Just that I'm not sure I was clear enough: When mentioned
"cross-compile", I meant: using pkg-config running on the build host
(because some libs and apps use it) but the compiled libs and apps run
on the target system.
The special problem is (or was - it was > 1 year ago with
pkg-config-0.21 that seriously had to make that), that the location of
the very same cross-compiled lib is different on the build host (when it
comes to linking of the apps and other libs) and run-time.

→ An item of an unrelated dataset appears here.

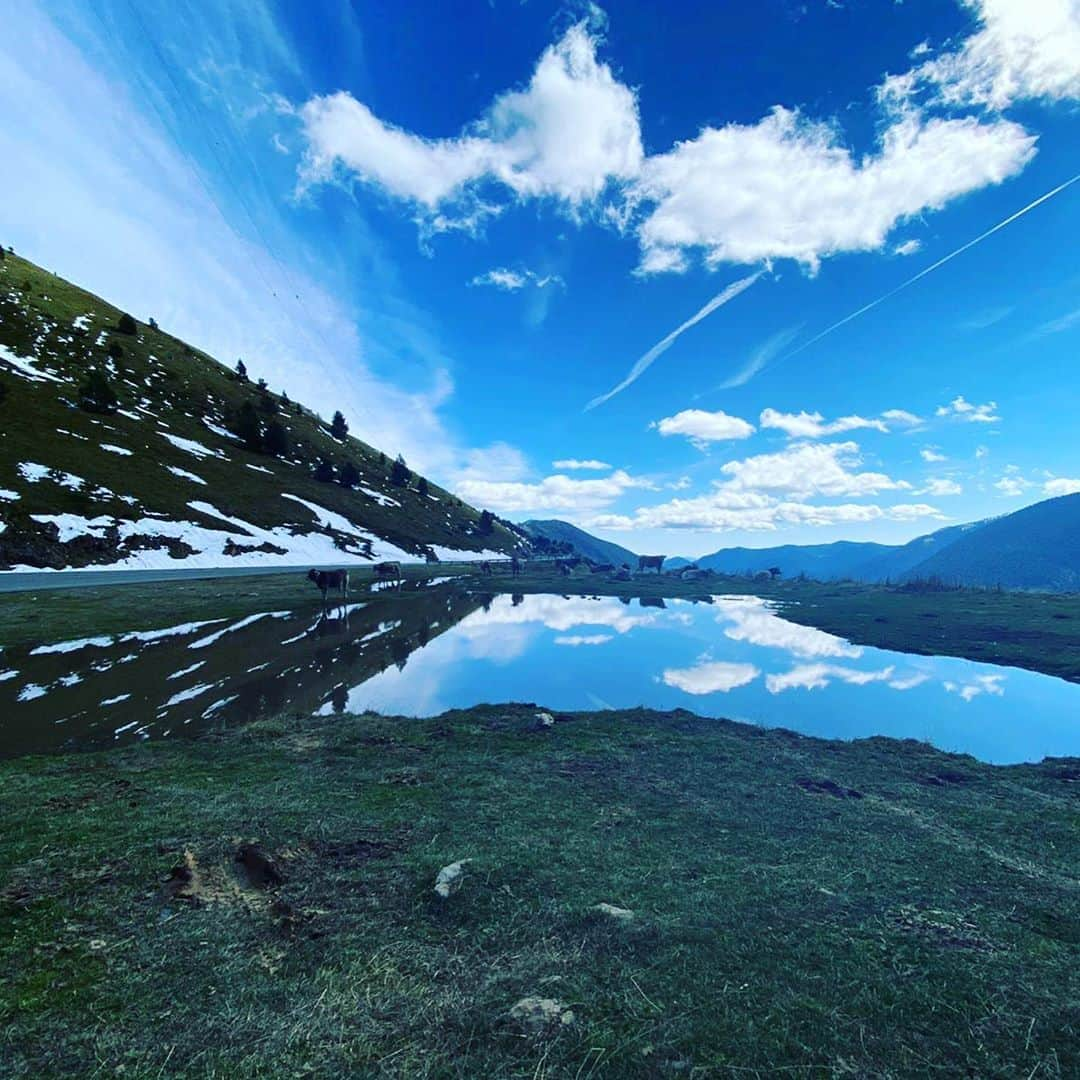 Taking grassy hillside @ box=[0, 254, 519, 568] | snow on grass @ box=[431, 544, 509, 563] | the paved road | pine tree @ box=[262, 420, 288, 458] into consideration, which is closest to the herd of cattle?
the paved road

And the problem was *not* "$APP uses $LIB using pkg-config" but it was
"$APP uses $LIB1 which uses $LIB2 all using pkg-config" because $LIB2
was indirectly linked/pulled in by $LIB1 and the compile-time directory
of $LIB2 ended up in $APP. And the build-time directory structure does
not exist at run-time (and there is no sane way to get these two to
match).
So hardcoding directories in a .pc file and transparently getting that
directory into other binaries is basically a big "no no" (and yes,
libtool has the same problem BTW).
It ended up that one rewrites the generated .pc files with sed or perl.
[...]
> > So document it and submit a patch for the pkg-config docs.
> No problem, but before I do that, I would like to find the smartest
> solution to this problem.
ACK.
Environment variables (prefix them with PKG_CONFIG_ or any other long
string) to override paths/... is usually pretty useful since one usually
has several of environment variables to specify various aspects of the
cross-toolchain anyways, starting with CC, HOSTCC and standard options
for CC, HOSTCC, CPP, CXX, .....
Putting a "pkg-config" script, which is actually a wrapper
around /usr/bin/pkg-config, in some extra directory and editing the PATH
is somewhat problematic as it risks that some overly clever (or - more
to the point - dumb) Makefile/... also plays games with PATH and I'm not
a fan of dissecting autoconf etc. just to get some app to compile.
I don't know if it's simple to change the name from "pkg-config" to
"arm-linux-pkg-config" (or whatever one - the developer! - calls it) for
all libs and apps.
JftSoC: More than enough libs and apps also require to compile programs
transparently as part of the build process. So the simple "just change
PATH to all of the cross-tools" and similar is also not possible.